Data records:

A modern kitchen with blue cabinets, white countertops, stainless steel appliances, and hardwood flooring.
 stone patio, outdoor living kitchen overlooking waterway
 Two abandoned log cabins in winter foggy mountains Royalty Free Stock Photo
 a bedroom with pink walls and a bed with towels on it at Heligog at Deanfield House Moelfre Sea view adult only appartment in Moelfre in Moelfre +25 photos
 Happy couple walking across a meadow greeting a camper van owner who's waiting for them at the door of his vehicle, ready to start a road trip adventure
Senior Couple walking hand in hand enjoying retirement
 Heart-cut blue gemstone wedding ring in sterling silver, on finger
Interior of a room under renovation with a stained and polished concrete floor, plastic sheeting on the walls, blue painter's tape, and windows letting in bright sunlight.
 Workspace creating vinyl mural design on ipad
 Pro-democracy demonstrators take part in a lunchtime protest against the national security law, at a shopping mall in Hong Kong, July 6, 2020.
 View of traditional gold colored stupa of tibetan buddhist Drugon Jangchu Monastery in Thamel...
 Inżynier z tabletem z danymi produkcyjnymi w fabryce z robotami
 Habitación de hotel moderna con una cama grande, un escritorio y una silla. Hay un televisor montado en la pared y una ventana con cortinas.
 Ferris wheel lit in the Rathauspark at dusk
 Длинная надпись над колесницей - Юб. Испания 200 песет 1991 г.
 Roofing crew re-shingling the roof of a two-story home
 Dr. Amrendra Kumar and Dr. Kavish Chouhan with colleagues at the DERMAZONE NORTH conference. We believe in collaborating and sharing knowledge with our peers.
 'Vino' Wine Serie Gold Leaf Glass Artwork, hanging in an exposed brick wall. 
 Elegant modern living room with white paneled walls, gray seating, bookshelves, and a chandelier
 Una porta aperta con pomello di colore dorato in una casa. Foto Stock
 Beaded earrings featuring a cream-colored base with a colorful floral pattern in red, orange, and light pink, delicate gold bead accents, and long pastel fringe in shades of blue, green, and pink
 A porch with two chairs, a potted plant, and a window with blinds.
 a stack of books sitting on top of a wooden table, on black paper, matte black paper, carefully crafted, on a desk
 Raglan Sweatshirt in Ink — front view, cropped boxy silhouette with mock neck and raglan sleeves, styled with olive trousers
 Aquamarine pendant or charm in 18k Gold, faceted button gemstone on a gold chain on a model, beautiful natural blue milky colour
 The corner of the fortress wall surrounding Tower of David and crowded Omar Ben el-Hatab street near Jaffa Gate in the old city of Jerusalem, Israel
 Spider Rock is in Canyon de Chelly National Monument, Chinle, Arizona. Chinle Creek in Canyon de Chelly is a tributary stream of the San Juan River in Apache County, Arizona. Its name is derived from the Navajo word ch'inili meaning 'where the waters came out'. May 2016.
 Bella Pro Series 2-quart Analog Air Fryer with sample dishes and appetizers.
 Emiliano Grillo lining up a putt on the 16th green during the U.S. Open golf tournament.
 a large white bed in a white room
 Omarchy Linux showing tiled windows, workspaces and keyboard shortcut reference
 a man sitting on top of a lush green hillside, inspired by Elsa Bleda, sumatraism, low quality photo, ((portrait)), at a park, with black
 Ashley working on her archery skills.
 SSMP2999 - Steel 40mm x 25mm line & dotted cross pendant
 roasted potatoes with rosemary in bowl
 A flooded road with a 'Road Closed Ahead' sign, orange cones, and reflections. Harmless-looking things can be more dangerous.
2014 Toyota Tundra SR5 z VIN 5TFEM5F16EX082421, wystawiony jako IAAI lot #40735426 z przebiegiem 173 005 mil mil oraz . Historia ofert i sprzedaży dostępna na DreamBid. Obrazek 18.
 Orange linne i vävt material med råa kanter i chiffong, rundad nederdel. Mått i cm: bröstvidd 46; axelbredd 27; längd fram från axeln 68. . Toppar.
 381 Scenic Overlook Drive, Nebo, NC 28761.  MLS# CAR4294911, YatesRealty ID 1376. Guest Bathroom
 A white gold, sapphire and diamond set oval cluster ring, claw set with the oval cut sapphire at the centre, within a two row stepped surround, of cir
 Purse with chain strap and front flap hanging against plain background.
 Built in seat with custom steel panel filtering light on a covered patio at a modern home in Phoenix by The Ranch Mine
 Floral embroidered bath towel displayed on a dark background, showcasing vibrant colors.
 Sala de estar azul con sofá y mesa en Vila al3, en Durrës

**Aim of the task:** All that belongs in your answer is the stretch of entries above from the line with "stone patio, outdoor" through the line with "a bedroom with", printed exactly.

**Output for this task:**
 stone patio, outdoor living kitchen overlooking waterway
 Two abandoned log cabins in winter foggy mountains Royalty Free Stock Photo
 a bedroom with pink walls and a bed with towels on it at Heligog at Deanfield House Moelfre Sea view adult only appartment in Moelfre in Moelfre +25 photos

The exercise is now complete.